The first big trip we took in the new camper was to New York State. It was June 1967. We visited my brother Tom, who was stationed as an MP at West Point and then went on to see Niagara Falls.
I remember next to nothing of West Point and absolutely nothing of my brother’s role there. He was 21; I was just a kid, a punk, not even in kindergarten.
I do remember the falls though. I can still hear the thunder of millions of gallons of water rushing over the edge of rock eons old. I can see the lights they turned on at night illuminating the falls in a rainbow of color.
Dad took my sister Pat on a trip under the falls; I was too little to go. The story of my life seemed to be being left behind with Mom while Pat, two and a half years my senior, did something cool with Dad. Pat was all excited about it, but never admitted until 20 years later that it had scared the wits out of her.
It became almost a quest during the 1980s and 1990s, for me, Pat and our other sister Judy to view every waterfall in northern Wisconsin and the UP. Even the tiniest trickle of water tumbling down stream was a fascination and a photo opportunity to be sure.
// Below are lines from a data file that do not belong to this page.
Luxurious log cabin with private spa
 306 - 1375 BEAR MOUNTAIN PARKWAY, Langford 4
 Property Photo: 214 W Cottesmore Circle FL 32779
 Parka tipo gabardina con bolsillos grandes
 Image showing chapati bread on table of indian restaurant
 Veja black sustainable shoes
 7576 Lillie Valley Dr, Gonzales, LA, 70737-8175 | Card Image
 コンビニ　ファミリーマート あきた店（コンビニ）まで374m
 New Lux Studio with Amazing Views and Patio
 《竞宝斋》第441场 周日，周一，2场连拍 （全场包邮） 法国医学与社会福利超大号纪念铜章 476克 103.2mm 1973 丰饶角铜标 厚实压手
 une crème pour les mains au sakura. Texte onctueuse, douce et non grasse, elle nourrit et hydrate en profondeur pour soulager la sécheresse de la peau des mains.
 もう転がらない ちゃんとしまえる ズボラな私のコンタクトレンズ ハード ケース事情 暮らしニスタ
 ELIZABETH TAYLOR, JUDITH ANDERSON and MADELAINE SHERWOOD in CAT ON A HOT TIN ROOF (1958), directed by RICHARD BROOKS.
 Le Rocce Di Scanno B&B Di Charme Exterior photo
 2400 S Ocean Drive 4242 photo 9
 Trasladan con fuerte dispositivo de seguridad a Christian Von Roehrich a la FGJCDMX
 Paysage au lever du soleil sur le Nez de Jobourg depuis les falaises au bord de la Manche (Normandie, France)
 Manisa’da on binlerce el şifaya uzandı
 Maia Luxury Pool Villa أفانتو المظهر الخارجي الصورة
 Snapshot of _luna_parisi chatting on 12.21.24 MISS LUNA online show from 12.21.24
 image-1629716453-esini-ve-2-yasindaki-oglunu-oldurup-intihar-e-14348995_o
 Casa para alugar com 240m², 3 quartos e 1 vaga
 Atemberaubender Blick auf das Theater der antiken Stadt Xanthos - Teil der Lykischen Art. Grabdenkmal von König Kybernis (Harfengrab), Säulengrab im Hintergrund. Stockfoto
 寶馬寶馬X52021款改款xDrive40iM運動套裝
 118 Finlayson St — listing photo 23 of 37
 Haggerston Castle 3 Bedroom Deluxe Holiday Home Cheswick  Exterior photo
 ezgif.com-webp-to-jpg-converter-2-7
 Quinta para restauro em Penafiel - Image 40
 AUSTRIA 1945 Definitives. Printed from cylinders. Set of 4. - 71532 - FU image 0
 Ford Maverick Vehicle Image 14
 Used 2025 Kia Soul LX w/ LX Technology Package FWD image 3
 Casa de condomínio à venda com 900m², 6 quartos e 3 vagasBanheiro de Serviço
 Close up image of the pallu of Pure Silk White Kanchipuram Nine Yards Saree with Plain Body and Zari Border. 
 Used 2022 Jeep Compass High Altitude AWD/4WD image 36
Often the smaller waterfalls were the better ones, less people, often no people, just lots of peace and stillness, except for the sound of water.
Niagara Falls certainly was the biggest waterfalls I’ve ever seen, but would I go back there? With all the congestion and commercialism? I think I will take a ten foot waterfall in the woods in the middle of nowhere. But the passion of it all maybe began for me at that New York tourist trap.
(And in case you didn't realize it this is not a picture of Niagara Falls.)